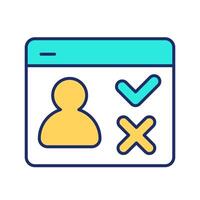 Withdrawable line color icon. User profile page with tick and cross. GDPR consent principle. Privacy protection. Isolated illustration. Flat colorful symbol design. Editable stroke vector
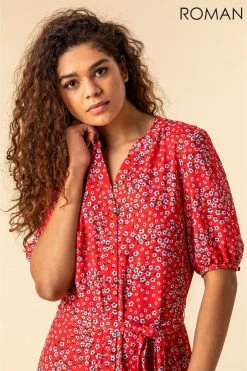 Roman Red Ditsy Floral Frill Hem Midi Dress -Roman Sales Shop unnamed file 553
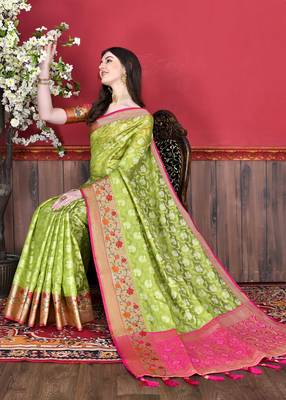 Soft Cotton Silk Saree With Beautiful Zari  & Meenakari Weaving Pallu With Zari Weawing Border 3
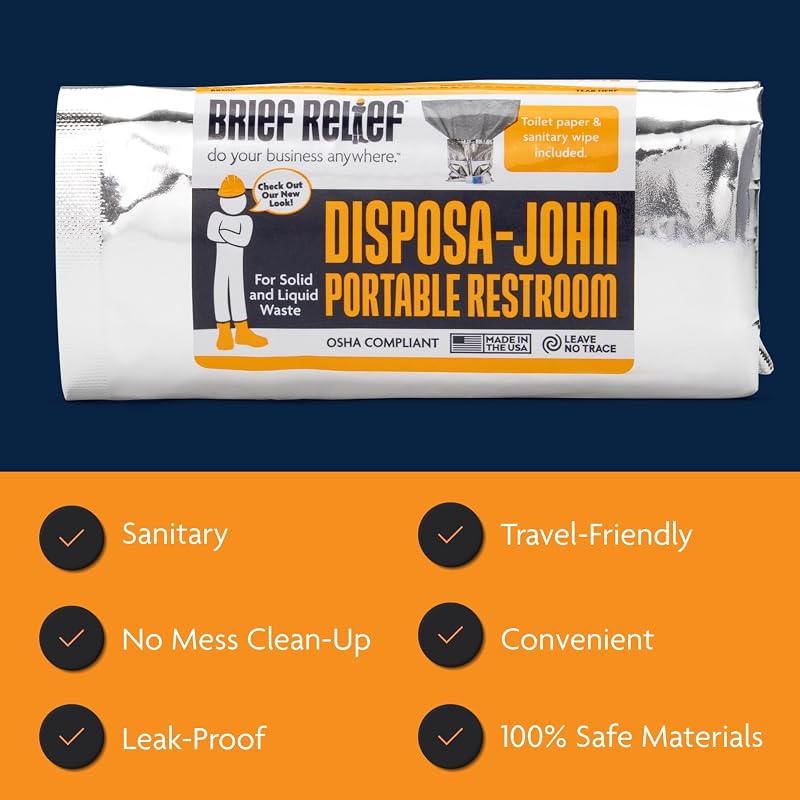 Baño portátil con toallita y papel higiénico sin fugas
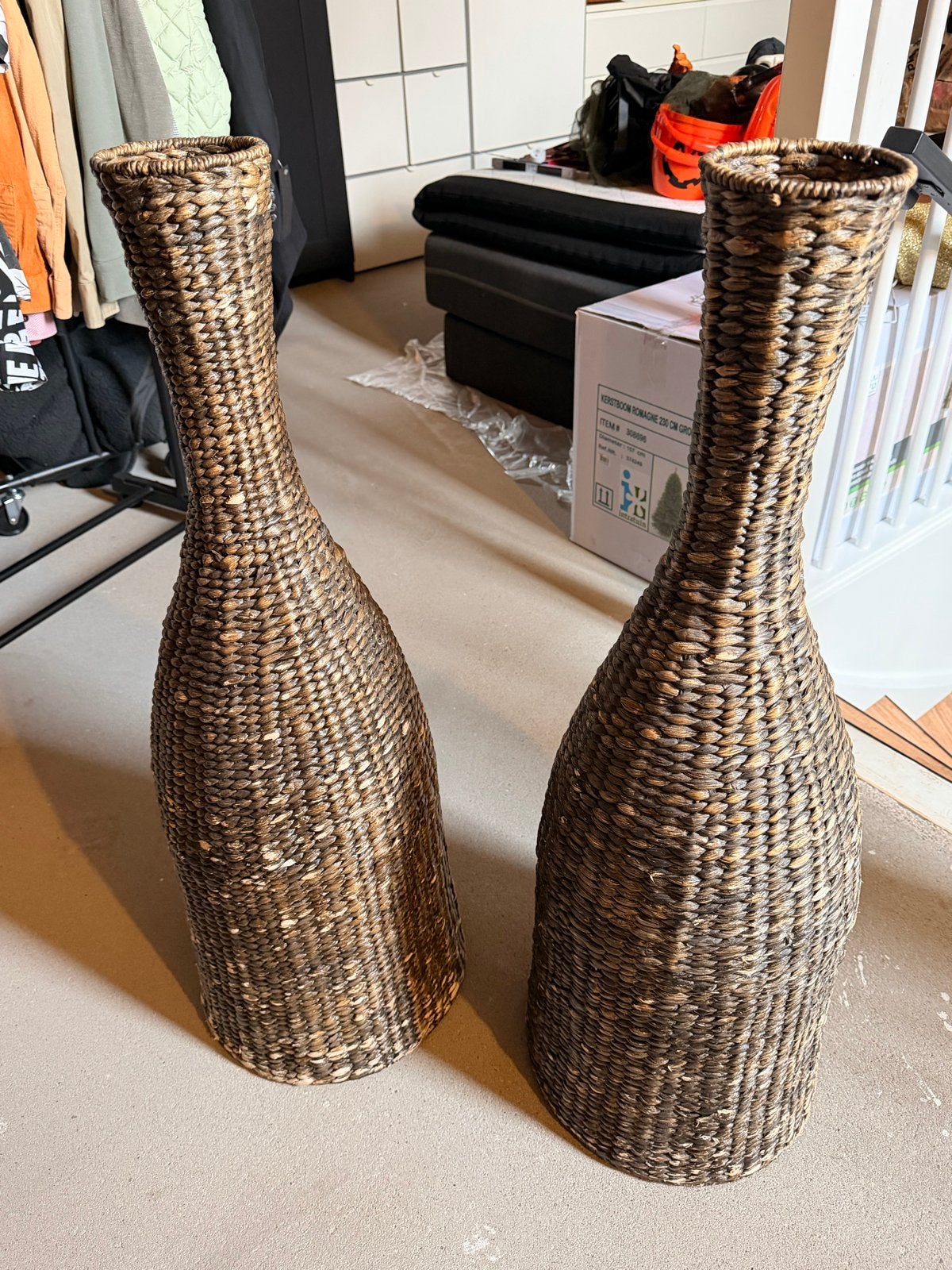 Set van 2 Grote Rotan / Zeegras Vloervazen (90 cm), Huis en Inrichting, Woonaccessoires | Vazen, Gebruikt, Bruin, Met patroon/structuur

■ Goal of the exercise: Every entry, word for word: repeat it, but skip the images.

■ Response for this exercise:
 Withdrawable line color icon. User profile page with tick and cross. GDPR consent principle. Privacy protection. Isolated illustration. Flat colorful symbol design. Editable stroke vector
 Roman Red Ditsy Floral Frill Hem Midi Dress -Roman Sales Shop unnamed file 553
 Soft Cotton Silk Saree With Beautiful Zari  & Meenakari Weaving Pallu With Zari Weawing Border 3
 Baño portátil con toallita y papel higiénico sin fugas
 Set van 2 Grote Rotan / Zeegras Vloervazen (90 cm), Huis en Inrichting, Woonaccessoires | Vazen, Gebruikt, Bruin, Met patroon/structuur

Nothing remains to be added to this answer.